Il freno è l’elevato debito pubblico
Rispetto al passato, infatti, le sfide per la globalizzazione, dovute alla geopolitica e a una maggiore attenzione alla sicurezza delle supply chain, e la risposta sempre più rapida al cambiamento climatico dovrebbero avere effetti inflativi. L’equilibrio tra politica monetaria e fiscale, insomma, è destinato a spostarsi da una combinazione di politica monetaria allentata e politica fiscale restrittiva, verso una politica monetaria restrittiva e una politica fiscale allentata. Ma, avverte l’esperto di Schroders, sostituire la politica monetaria con una politica fiscale espansiva per stimolare la crescita non è semplice.
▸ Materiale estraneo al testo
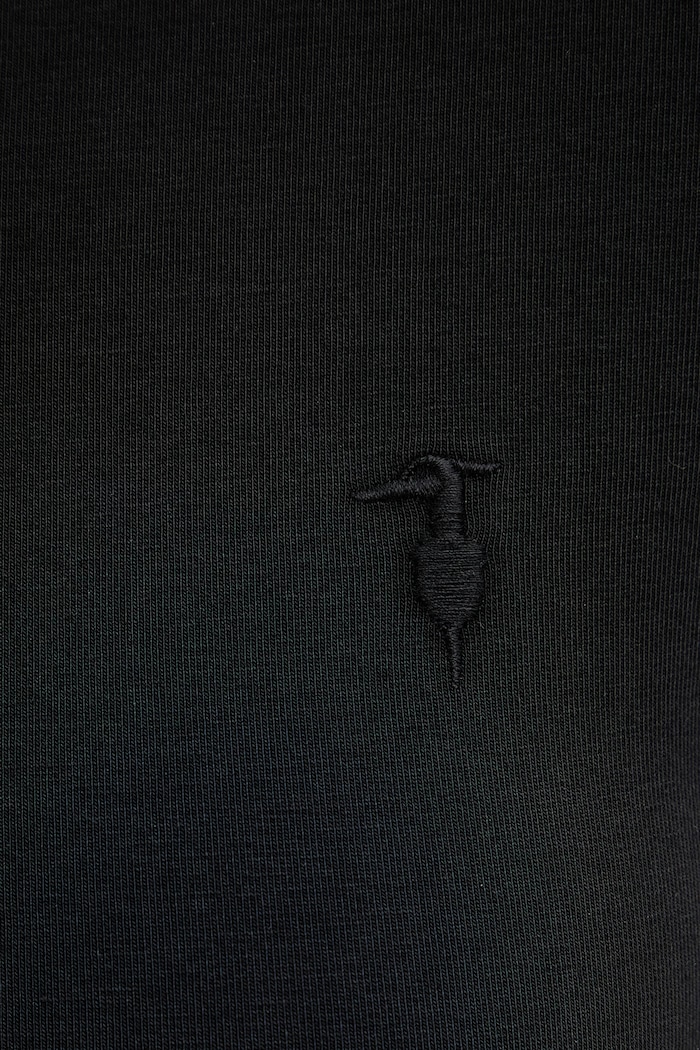 Trussardi tricou G1086000240N negru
Il problema è reso più acuto dall’elevato livello del debito pubblico, per cui un aumento dei tassi e del costo del prestito può rappresentare un vincolo significativo per la spesa pubblica. Ed è un problema comune a molte tra le grandi economie mondiali.
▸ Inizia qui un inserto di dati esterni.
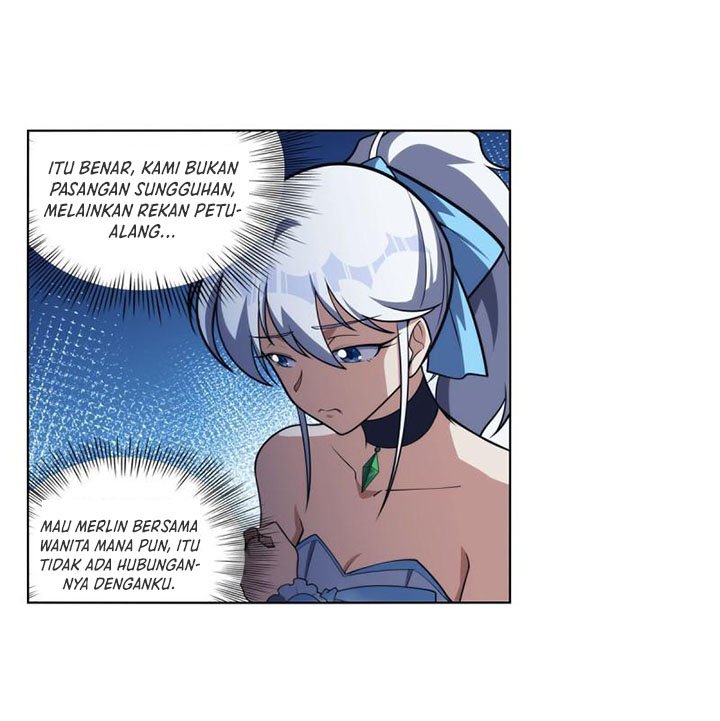 The Demon King Who Lost His Job Chapter 279 Gambar 19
Debito pubblico più alto con rialzo dei tassi
Il Fondo monetario internazionale traduce in numeri il problema: il rapporto debito pubblico/PIL per il G20 avanzato è salito nel 2020 a oltre il 130%, con un aumento di oltre il 20% rispetto al 2019. Anche se questa dinamica si sta ora attenuando (il rapporto debito/PIL dovrebbe stabilizzarsi intorno al 125% per il G20 avanzato), in futuro - in combinazione con il passaggio a un nuovo regime di tassi d’interesse più elevati - il costo del debito pubblico è destinato ad aumentare. Nel dettaglio, l’Fmi indica che per il G20 il costo degli interessi passerà dal minimo di poco più dell’1% del Pil dello scorso anno all’1,5% di quest'anno e a quasi il 2% entro il 2025. Ma i mercati potrebbero anticipare queste stime: il recente aumento dei rendimenti dei titoli di Stato a livello globale suggerisce, secondo Wade, che questo valore potrebbe essere raggiunto più rapidamente e risultare più elevato.